-- RECORDS SHOWN follows --
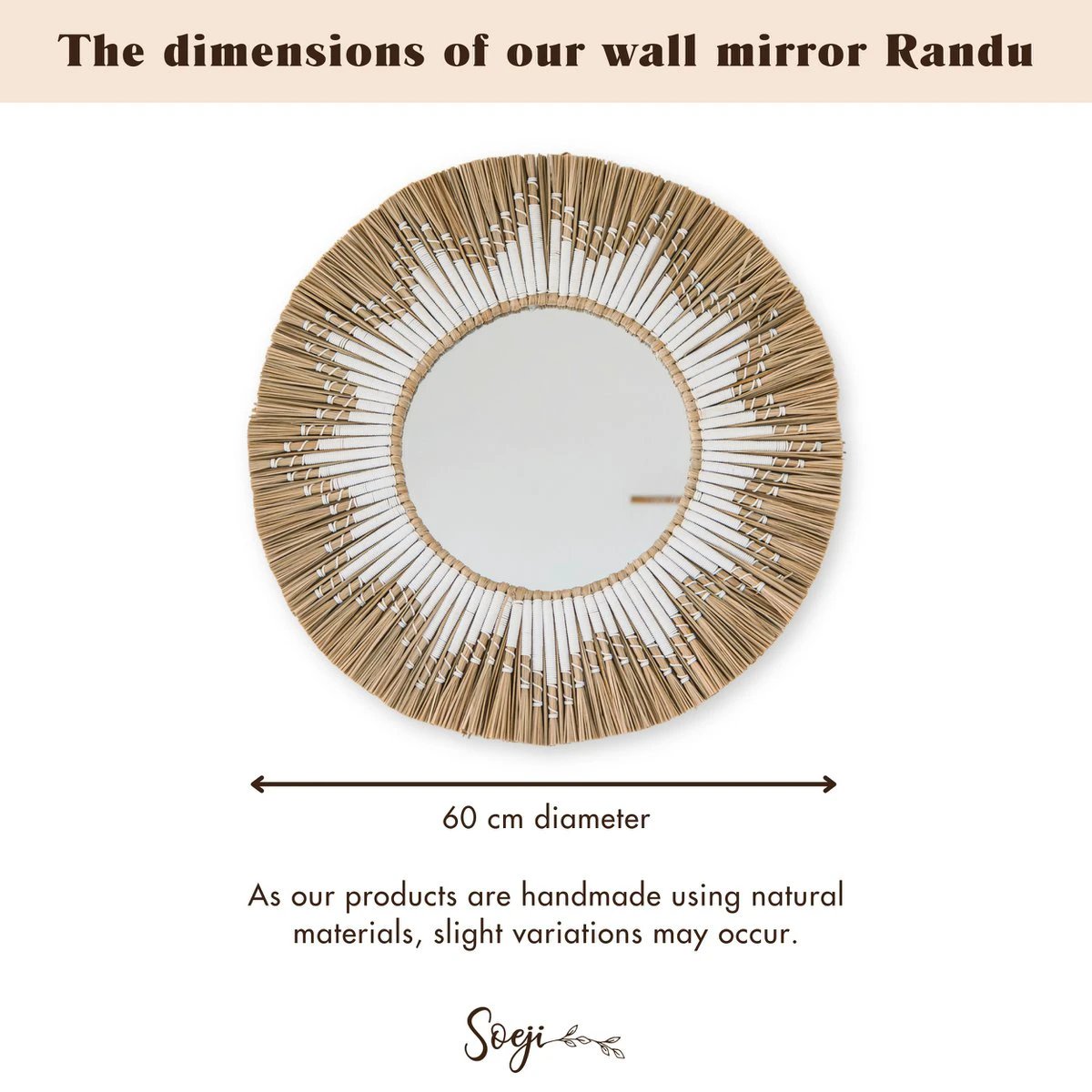 Round Wall Mirror Made of Seagrass – Boho Hanging Mirror – Wall Mirror with Fringes and Pattern Made of White Cotton (Ø 60 cm) RANDU by Soeji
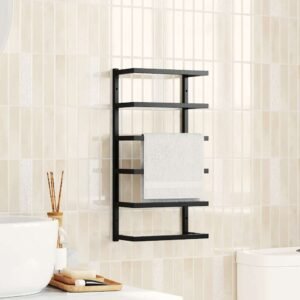Towel Rack Black 24x12x48 cm Steel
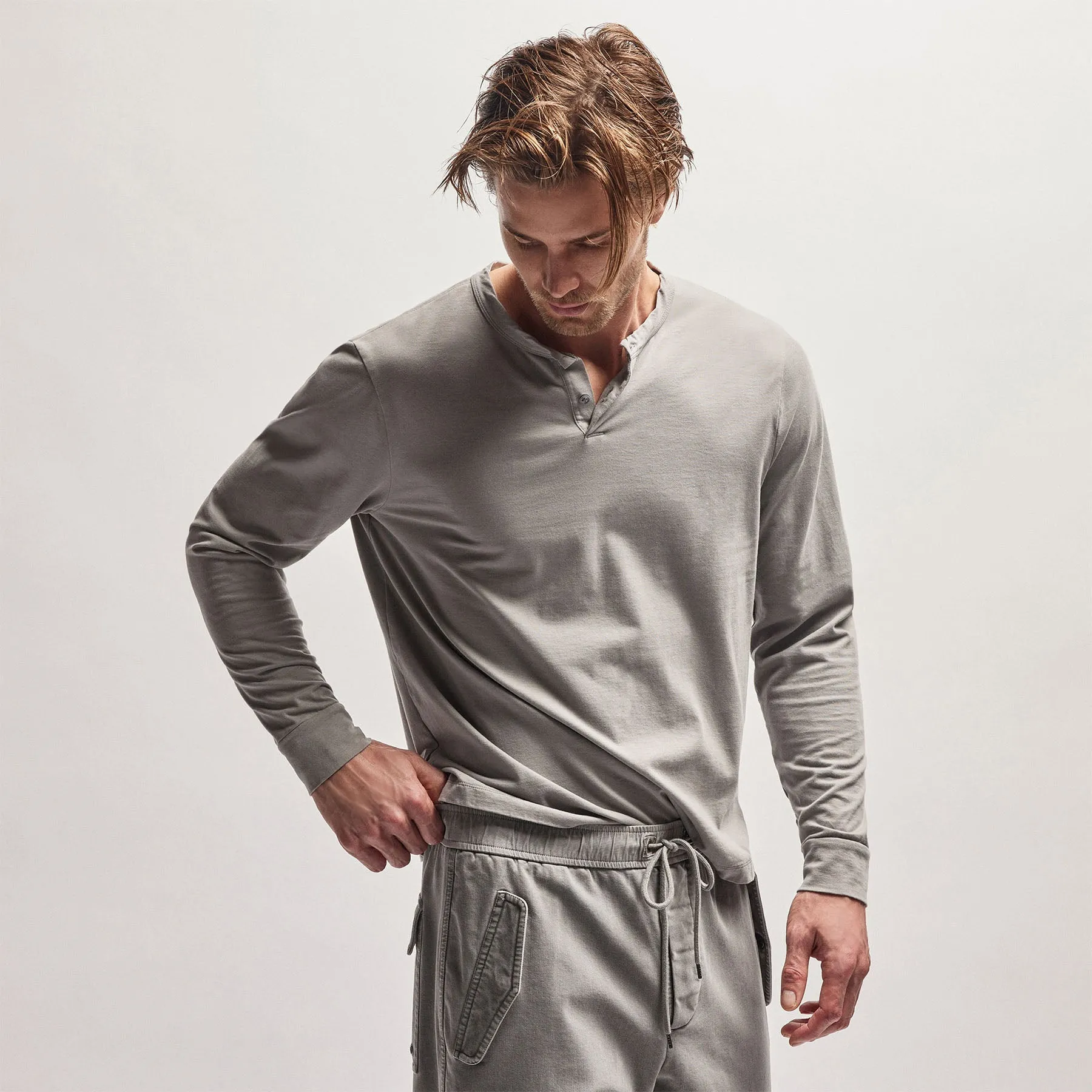 Heavy Luxe Jersey Henley - Silver Grey sold by James Perse product image thumbnail 3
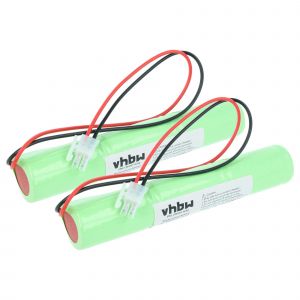 Vhbw 2x Batterie remplacement pour BAES 329055240 pour &eacute;clairage d'issue de secours (2500mAh, 3,6V, NiCd)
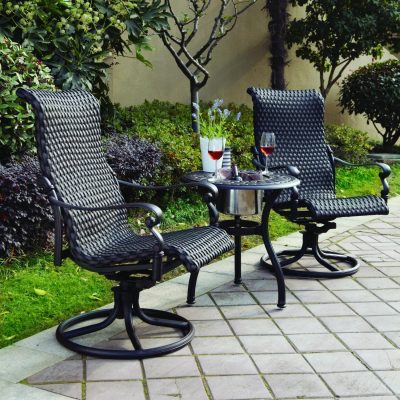 Darlee Victoria 3 Piece Resin Wicker Bistro Set – End Table With Ice Bucket Insert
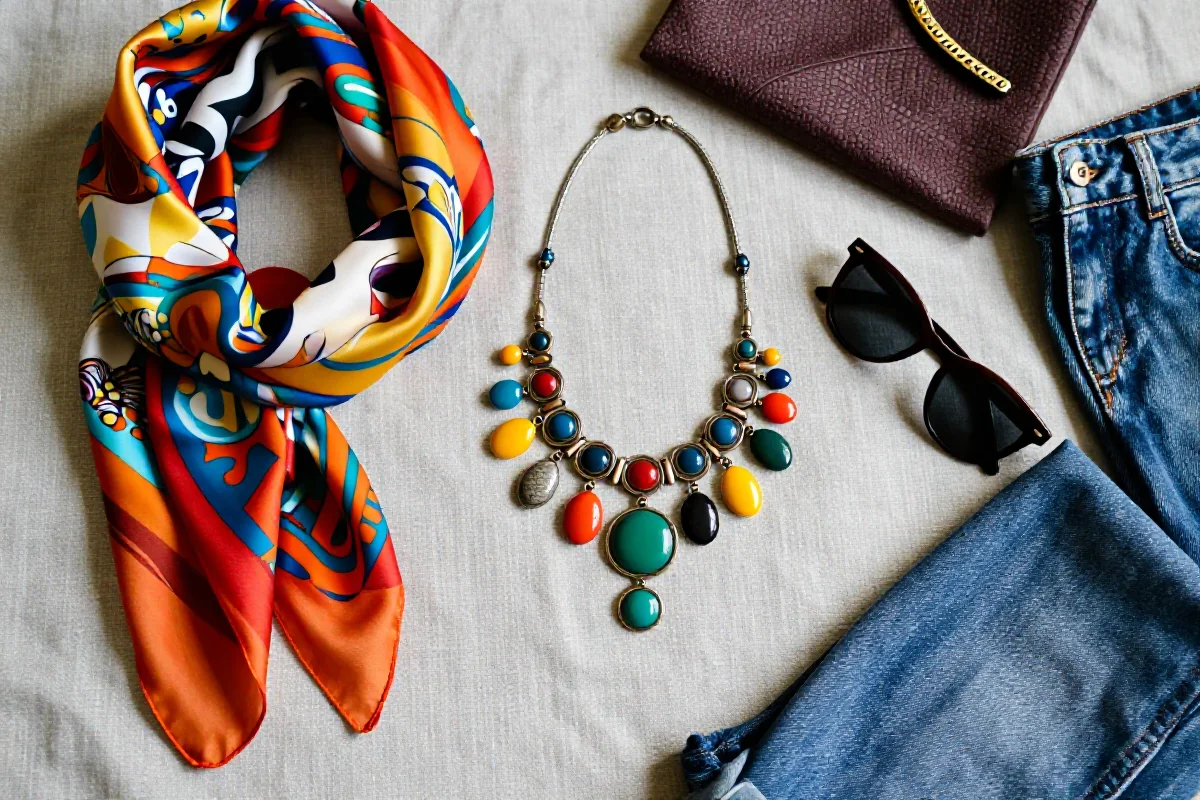 Eklektyczny styl - różnorodne elementy mody na tle tekstury.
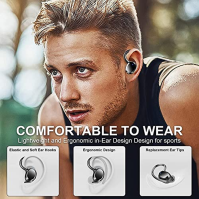 Dascert Wireless Earbud, bezdrátová sluchátka s mikrofonem LED displej, stereofonní sluchátka s potlačením šumu CVC8.0, 48H Blue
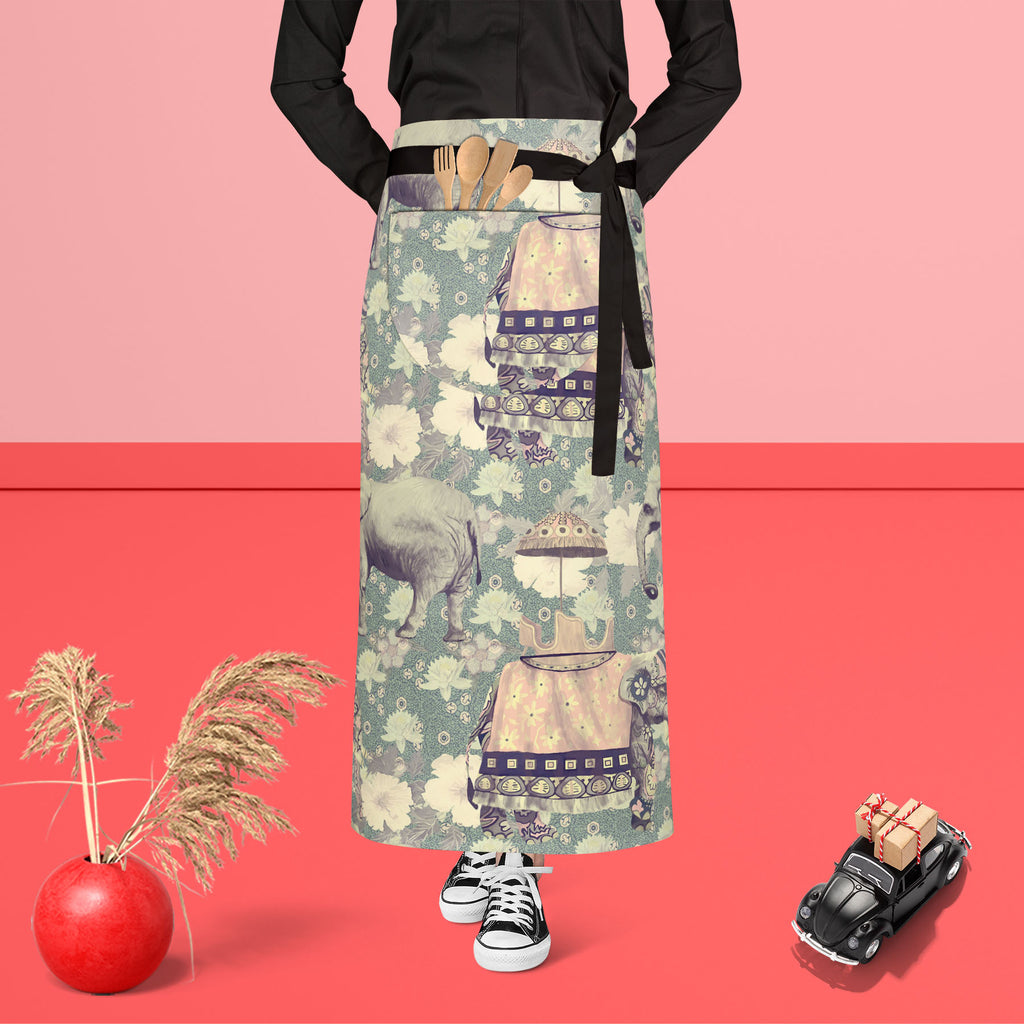 Elephant Pattern D3 Apron | Adjustable, Free Size & Waist Tiebacks-Aprons Waist to Feet-APR_WS_FT-IC 5007630 IC 5007630, Ancient, Art and Paintings, Botanical, Fashion, Floral, Flowers, Hand Drawn, Historical, Indian, Medieval, Nature, Patterns, Retro, Scenic, Signs, Signs and Symbols, Vintage, elephant, pattern, d3, apron, adjustable, free, size, waist, tiebacks, art, background, design, exotic, flower, hand, drawn, india, lotus, old, seamless, style, trend, trendy, wild, life, artzfolio, kitchen apron, wh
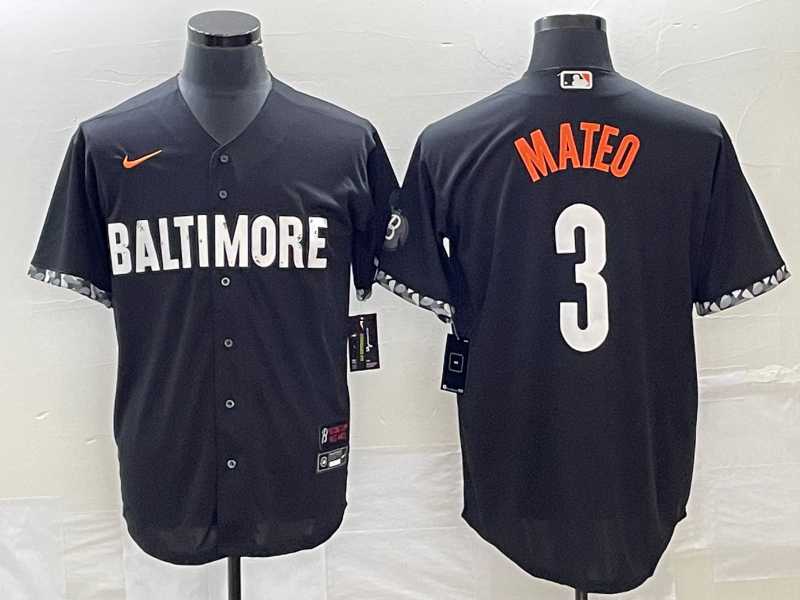 Mens Baltimore Orioles #3 Jorge Mateo Black 2023 City Connect Cool Base Stitched Jersey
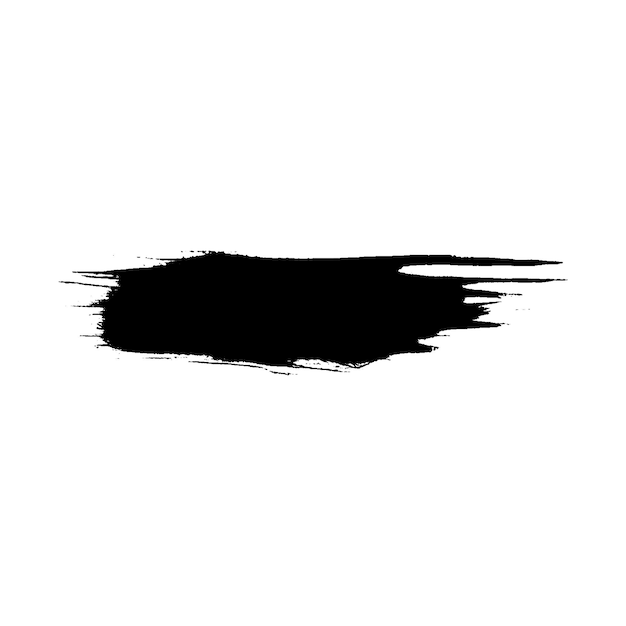 Vector acuarela pintada pincelada negra elemento de diseño dibujado a mano aislado sobre fondo blanco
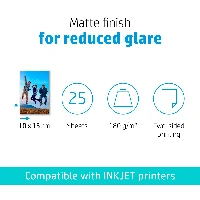 HP Matte Photo Paper, 180 g/m2, 10 x 15 cm (101 x 152 mm), 25 sheets, Matt, 180 g/m, 10x15 cm, White, 25 sheets, Home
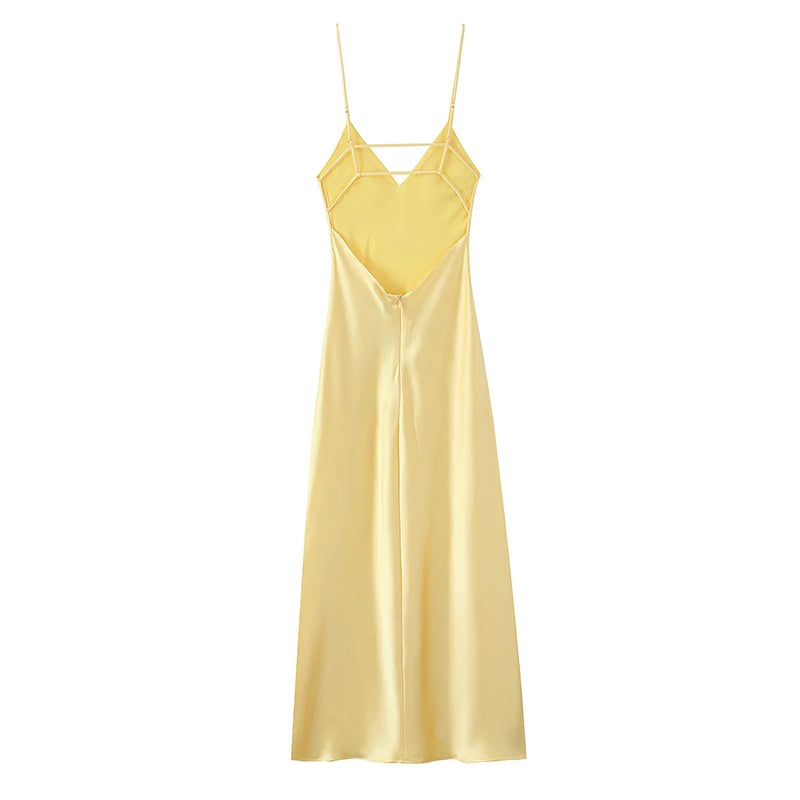 Bubble Satin Blend Sling Dress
-- RECORDS SHOWN concluded --
§ **TASK TO COMPLETE**
All the lines above must be written out exactly, without a single picture.

§ **FINISHED TASK**
 Round Wall Mirror Made of Seagrass – Boho Hanging Mirror – Wall Mirror with Fringes and Pattern Made of White Cotton (Ø 60 cm) RANDU by Soeji
Towel Rack Black 24x12x48 cm Steel
 Heavy Luxe Jersey Henley - Silver Grey sold by James Perse product image thumbnail 3
 Vhbw 2x Batterie remplacement pour BAES 329055240 pour &eacute;clairage d'issue de secours (2500mAh, 3,6V, NiCd)
 Darlee Victoria 3 Piece Resin Wicker Bistro Set – End Table With Ice Bucket Insert
 Eklektyczny styl - różnorodne elementy mody na tle tekstury.
 Dascert Wireless Earbud, bezdrátová sluchátka s mikrofonem LED displej, stereofonní sluchátka s potlačením šumu CVC8.0, 48H Blue
 Elephant Pattern D3 Apron | Adjustable, Free Size & Waist Tiebacks-Aprons Waist to Feet-APR_WS_FT-IC 5007630 IC 5007630, Ancient, Art and Paintings, Botanical, Fashion, Floral, Flowers, Hand Drawn, Historical, Indian, Medieval, Nature, Patterns, Retro, Scenic, Signs, Signs and Symbols, Vintage, elephant, pattern, d3, apron, adjustable, free, size, waist, tiebacks, art, background, design, exotic, flower, hand, drawn, india, lotus, old, seamless, style, trend, trendy, wild, life, artzfolio, kitchen apron, wh
 Mens Baltimore Orioles #3 Jorge Mateo Black 2023 City Connect Cool Base Stitched Jersey
 Vector acuarela pintada pincelada negra elemento de diseño dibujado a mano aislado sobre fondo blanco
 HP Matte Photo Paper, 180 g/m2, 10 x 15 cm (101 x 152 mm), 25 sheets, Matt, 180 g/m, 10x15 cm, White, 25 sheets, Home
 Bubble Satin Blend Sling Dress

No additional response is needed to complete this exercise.